Eine
Ausstellung
in Frankfurt (Oder)
über jüdisches Leben in Deutschland
Fluchtwege und andere Wanderungen:
Zeichen des Alltags
Thomas Lackmann /
Tagesspiegel
Von der linken Ecke eines
gelben Rechtecks läuft das Strichmännchen nach rechts. Auf der Höhe
seines Armes weist ein Pfeil ihm den Weg zur stilisierten
Ausgangtür. Später wiederholt sich das Motiv leicht verfremdet: Im
Zentrum eines roten Rechtecks hastet nun das Strichmännchen, welches
den Ausgang am rechten Rand eben verlassen hat, einem linkswärts
weisenden Pfeil hinterher.
Die Ausstellung "Zeichen des
Alltags" zeigt ihr bekanntestes Bild, ein Standardwerk in jedem
öffentlichen Gebäude, gleich zwei Mal, variiert. Weniger vertraut
erscheinen ihre anderen 25 Lightbox-Piktogramme. Ein roter Föhn,
durchgestrichen: Hinweis darauf, dass es Gläubige gibt, die samstags
keine Maschinen bedienen.
Orange Boxhandschuhe: Symbol für die internationalen
"Maccabi-Spiele", bei denen das deutsch-jüdische Team 1999
stolzerweise mehr Gold gewann als jede andere Mannschaft.
"Jüdisches Leben in
Deutschland heute" lautet der Untertitel der Wanderausstellung.

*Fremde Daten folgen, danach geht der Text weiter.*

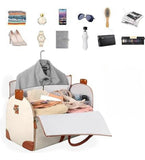 Beige faux leather and canvas 2-in-1 convertible travel duffel bag with shoulder strap and multiple pockets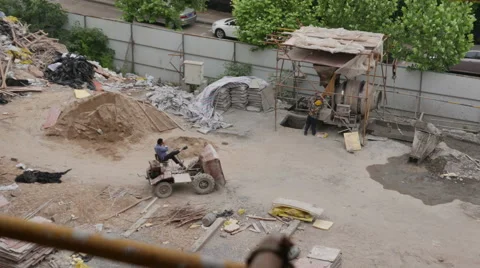 View Over A Chinese Construction Site and Concrete Mixer - 4K Stock Footage 51261195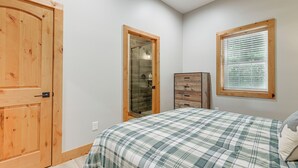 Un dormitorio con colcha a cuadros, armario de madera, cabina de ducha de cristal y ventana con persianas.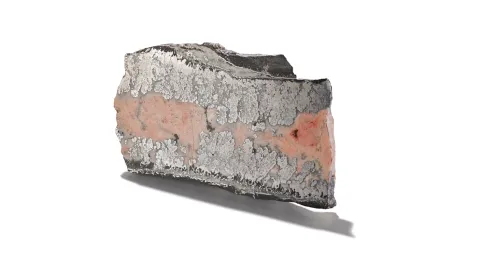 Pie-shaped sample of cobalt mineral encased in smaltite, shown on a white background.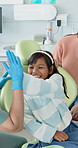 Girl, dentist and high five with smile, checkup and education for oral hygiene and appointment. Child, healthcare and dental care with tooth decay prevention and orthodontist visit in medical clinic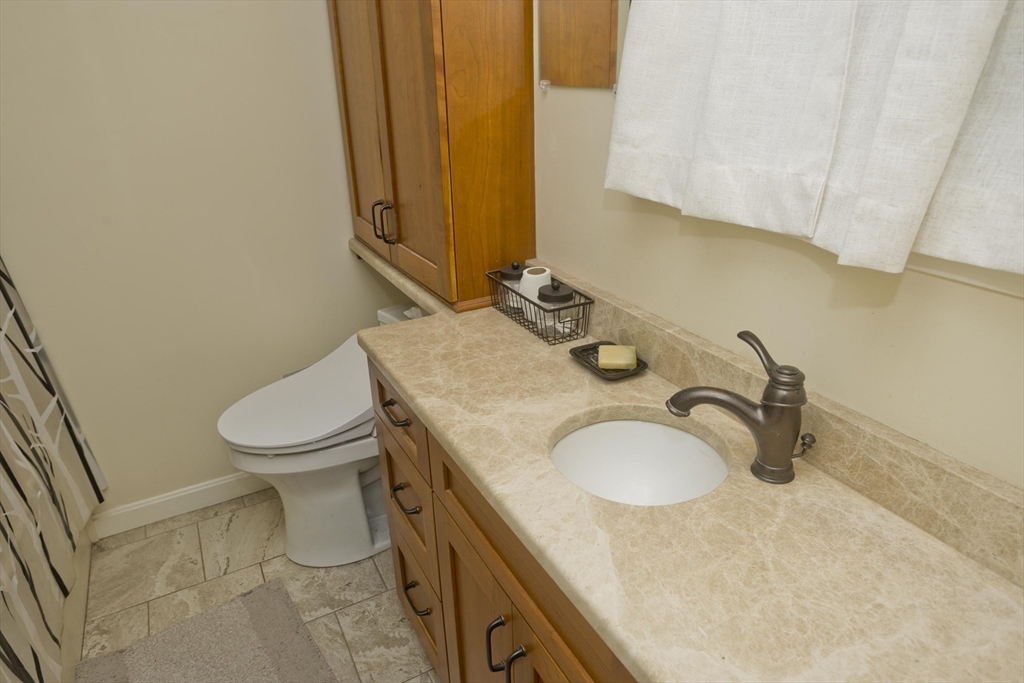 32 Zuell Hill Road Monson, MA 01057 - Photo 21 of 37 a bathroom with a granite countertop sink and a toilet
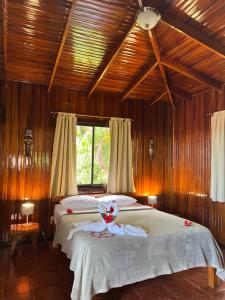 a bedroom with a large bed with wooden walls at Hotel El Jardin in Montezuma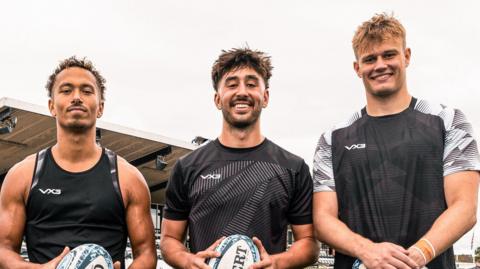 Harrison Obatoyinbo (left), Joel Grayson (centre) and Sam Waugh (right) all holding rugby balls as they look at the camera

Wo
genau arbeitet die einzige deutsche Rabbinerin? Müssen Enkel
NS-Verfolgter zum Bund? In einem Seitenchor der Frankfurter
Marienkirche hoch über der Oder verkünden deutsch-russische Legenden
auf lakonischen Piktogramm-Leuchtkästen, was wir schon immer hätten
wissen wollen, wenn wir auf die Idee gekommen wären, sowas Banales
zu fragen. Wieviel Pässe kriegt ein Jude in Deutschland?
Das Konzept des Berliner
Ausstellungsbüros "x:hibit" funktioniert simpel subtil. Piktogramme
als Kürzel der Info-Gesellschaft konzentrieren eine Botschaft auf
ihr radikal reduziertes Bild, sie lassen Emotionen, Zwischentöne,
Humor - eigentlich - nicht zu. Sie verweisen auf Fakten, gelten als
reines Serviceinstrument und haben doch Manipulationskraft und
eigene Pop-Ästhetik entwickelt.
"In einem Design, das sich am
modernen Stadtleben orientiert", so erklären die Ausstellungsmacher
ihr Programm, "wird die jüdische 'Andersheit' demusealisiert und
entmystifiziert". Das stimmt nur zur Hälfte. Piktogramme sollen ja
nicht nur reduzieren, sondern auffallen. Wenn es hier vor allem
darum geht, Deutschlands jüdische community als Minorität der
Lebenden und nicht etwa der Toten bekannt zu machen, wird gleichwohl
ihre Unterscheidung unterstrichen.
Obwohl "die Juden", trotz
einiger Spezialtraditionen, normale Menschen zu sein scheinen, sehen
wir sie gerade darum nun als Objekte einer statistisch-didaktischen
Darstellung, mit der die Allgemeinbildung der interessierten
Majorität bereichert und die Selbstwahrnehmung der Minderheit
korrigiert wird. Lapidare Signets entfalten auf dem Hintergrund der
Klischees, die der Besucher selbst mitbringen mag, ihren trockenen
Witz. "Zeichen des Alltags" verwandeln sich so, über ihre
Sachorientierung hinaus, in Wegweiser der Bedeutung. Vor allem der
Kontext, in dem diese Wanderausstellung sich von Ort zu Ort
präsentiert, setzt solche Unter- und Obertöne frei.
Frankfurts überwältigende
Hallenkirche gibt zu dieser coolen Gegenwarts-Dokumentation den
drastischen Kontrast. Seit den 70er Jahren aus Trümmern teilweise
wiederaufgebaut, ist sie als "Ruine unter Dach" Ausstellungsort für
das Museum Viadrina. Im Chor sind Abbildungen mittelalterlicher
Fenster zu bewundern; die Glasmalereien zeigen, einzigartig in ihrer
Art, einen "Antichristus-Zyklus", auf dem spitzhütige Juden
auszumachen sind, die sich vor Christi Wiederkunft bekehren müssen.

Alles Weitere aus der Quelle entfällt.